TRY IT:
The result should be an exact copy of only the lines from the one holding "Easy Polymer Clay" through the last line of the data below, please, without pictures.

COLLECTED DATA:
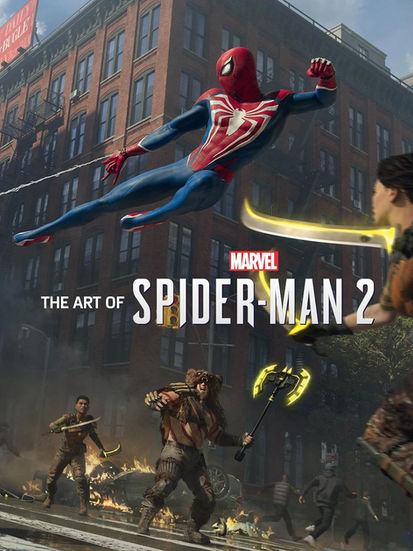 The Art of Marvel's Spider-Man 2 book cover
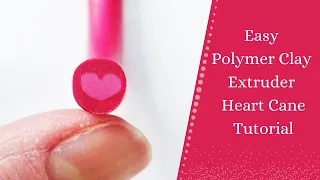 Easy Polymer Clay Extruder Heart Cane / How To Use A Clay Extruder To Make Polymer Clay Canes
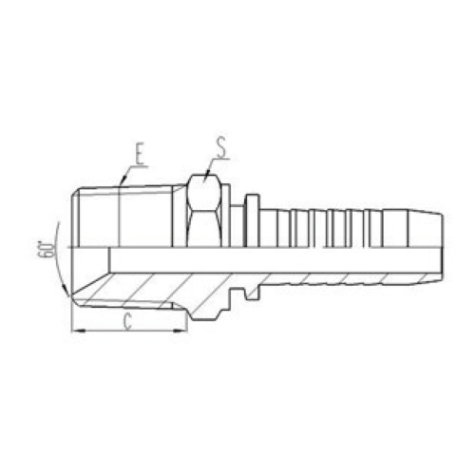英(yīng)製外錐管螺紋密封(fēng)管接頭(tóu)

FINISHED EXERCISE:
 Easy Polymer Clay Extruder Heart Cane / How To Use A Clay Extruder To Make Polymer Clay Canes
英(yīng)製外錐管螺紋密封(fēng)管接頭(tóu)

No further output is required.